Bishop O’Hara, substituting for Cardinal Dolan who was battling the flu, reflected back to his childhood in an era when Christmas trees were decorated on Christmas Eve in time for the next morning. His father, John, waited late one Christmas Eve to purchase a tree, but none remained. He wound up purchasing a tree stump and a pile of branches for a quarter, and stayed up all night drilling holes into the stump for “meticulously fitting those branches into place.”

“I have a picture of that tree,” Bishop O’Hara said. “It’s the most beautiful tree our family ever had. It’s not because of its shape or the decorations, but rather because of the love that made it happen, the love of a father for his family.”
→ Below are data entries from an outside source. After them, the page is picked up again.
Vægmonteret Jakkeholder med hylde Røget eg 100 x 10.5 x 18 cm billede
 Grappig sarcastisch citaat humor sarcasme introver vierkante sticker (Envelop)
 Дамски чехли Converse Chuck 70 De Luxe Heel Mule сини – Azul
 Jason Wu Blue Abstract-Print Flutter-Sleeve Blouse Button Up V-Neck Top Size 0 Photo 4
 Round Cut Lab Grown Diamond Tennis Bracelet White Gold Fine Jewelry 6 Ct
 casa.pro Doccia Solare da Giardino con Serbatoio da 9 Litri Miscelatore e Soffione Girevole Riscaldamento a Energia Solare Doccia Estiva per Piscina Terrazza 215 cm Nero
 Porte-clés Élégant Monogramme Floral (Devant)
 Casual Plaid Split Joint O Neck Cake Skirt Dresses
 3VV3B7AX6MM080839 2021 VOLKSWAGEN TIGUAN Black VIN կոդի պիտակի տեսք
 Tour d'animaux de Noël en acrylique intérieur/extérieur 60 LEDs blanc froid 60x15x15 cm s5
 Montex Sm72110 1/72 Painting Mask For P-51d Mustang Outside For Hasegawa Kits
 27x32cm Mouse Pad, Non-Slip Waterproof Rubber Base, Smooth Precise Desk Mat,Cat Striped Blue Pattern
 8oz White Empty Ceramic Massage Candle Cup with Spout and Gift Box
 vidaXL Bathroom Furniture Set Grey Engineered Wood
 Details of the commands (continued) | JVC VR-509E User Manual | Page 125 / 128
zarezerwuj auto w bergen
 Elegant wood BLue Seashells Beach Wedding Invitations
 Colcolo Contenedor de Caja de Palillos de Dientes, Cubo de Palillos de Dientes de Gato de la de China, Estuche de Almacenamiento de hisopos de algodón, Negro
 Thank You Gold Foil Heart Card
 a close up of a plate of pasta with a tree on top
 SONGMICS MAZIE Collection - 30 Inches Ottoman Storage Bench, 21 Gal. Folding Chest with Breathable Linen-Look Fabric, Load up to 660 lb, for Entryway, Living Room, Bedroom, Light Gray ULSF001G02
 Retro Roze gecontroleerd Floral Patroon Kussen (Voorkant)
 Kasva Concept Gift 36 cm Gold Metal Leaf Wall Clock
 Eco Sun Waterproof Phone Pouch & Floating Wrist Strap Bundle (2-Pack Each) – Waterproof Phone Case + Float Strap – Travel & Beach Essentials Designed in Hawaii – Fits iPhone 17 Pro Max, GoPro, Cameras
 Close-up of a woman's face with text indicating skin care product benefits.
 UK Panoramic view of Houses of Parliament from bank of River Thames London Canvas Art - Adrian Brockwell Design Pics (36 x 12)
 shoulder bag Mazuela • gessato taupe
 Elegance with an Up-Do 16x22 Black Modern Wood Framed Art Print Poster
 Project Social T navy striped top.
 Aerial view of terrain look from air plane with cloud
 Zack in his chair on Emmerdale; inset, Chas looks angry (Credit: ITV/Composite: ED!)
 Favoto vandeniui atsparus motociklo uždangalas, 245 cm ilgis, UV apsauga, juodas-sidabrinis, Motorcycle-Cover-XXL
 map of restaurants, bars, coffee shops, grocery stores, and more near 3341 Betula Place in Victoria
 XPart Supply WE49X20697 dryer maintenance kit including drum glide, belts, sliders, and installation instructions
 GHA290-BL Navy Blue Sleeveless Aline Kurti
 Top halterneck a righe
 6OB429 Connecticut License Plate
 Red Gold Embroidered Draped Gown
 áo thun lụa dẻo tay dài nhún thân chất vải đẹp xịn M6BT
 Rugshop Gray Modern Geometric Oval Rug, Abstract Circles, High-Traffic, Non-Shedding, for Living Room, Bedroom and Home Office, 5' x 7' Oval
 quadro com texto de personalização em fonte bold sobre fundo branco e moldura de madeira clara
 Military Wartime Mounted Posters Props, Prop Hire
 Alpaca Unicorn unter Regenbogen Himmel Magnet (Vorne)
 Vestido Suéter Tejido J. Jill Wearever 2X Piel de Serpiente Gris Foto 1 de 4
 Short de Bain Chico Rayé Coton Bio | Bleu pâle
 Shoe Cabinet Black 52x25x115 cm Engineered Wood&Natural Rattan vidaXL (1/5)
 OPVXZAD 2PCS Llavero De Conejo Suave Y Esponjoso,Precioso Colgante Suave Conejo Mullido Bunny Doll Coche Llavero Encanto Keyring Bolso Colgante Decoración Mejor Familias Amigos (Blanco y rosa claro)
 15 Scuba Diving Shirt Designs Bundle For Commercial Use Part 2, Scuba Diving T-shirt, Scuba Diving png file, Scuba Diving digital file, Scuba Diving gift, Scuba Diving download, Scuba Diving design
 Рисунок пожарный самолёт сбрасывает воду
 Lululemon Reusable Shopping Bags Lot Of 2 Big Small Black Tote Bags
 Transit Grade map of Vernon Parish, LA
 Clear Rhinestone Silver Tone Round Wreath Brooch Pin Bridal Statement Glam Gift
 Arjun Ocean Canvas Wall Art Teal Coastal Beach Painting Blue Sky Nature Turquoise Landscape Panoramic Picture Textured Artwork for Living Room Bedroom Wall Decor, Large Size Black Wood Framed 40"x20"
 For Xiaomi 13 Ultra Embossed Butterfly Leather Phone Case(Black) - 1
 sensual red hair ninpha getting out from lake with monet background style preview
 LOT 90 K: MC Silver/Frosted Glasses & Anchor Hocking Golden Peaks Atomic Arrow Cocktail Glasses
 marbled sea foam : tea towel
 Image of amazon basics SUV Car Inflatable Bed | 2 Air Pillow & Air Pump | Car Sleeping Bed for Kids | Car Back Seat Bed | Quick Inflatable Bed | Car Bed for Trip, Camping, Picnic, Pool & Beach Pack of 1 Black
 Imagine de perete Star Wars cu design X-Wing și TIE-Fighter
Bishop O’Hara tied in his story with the celebration of God’s love and the readings from Isaiah and Titus, which prepared all for the celebration of the birth of Jesus. Deacon James Bello, director of ministry and life for the archdiocese’s permanent diaconate office, read the Gospel from Luke about the Nativity of Jesus.

“This morning we celebrate the love of a Father, the Father of us all, the Father who loves his children, his family, a love that sends his Son to take to Himself our human nature, the pluses and minuses, sharing in our sorrows, trials, tragedies, disappointments,” said Bishop O’Hara, who is the episcopal vicar of South, East and West Manhattan and Staten Island.

“Picking up the broken branches of our lives and drawing them gently to Himself, to His healing, life-giving love, and as he attaches those branches of our lives to Himself, he embarks to us His divine life so that we can be that great light shining in the darkness of our own times.”

Bishop O’Hara began his homily by asking everyone in the cathedral to turn to their neighbors to wish them a Merry Christmas.

“After all, if we are going to spend eternity with one another, it’s time for us to get acquainted and what a beautiful morning to do so,’’ he said.

At the start of Mass, the bishop placed the figure of the baby Jesus in the Christmas crèche.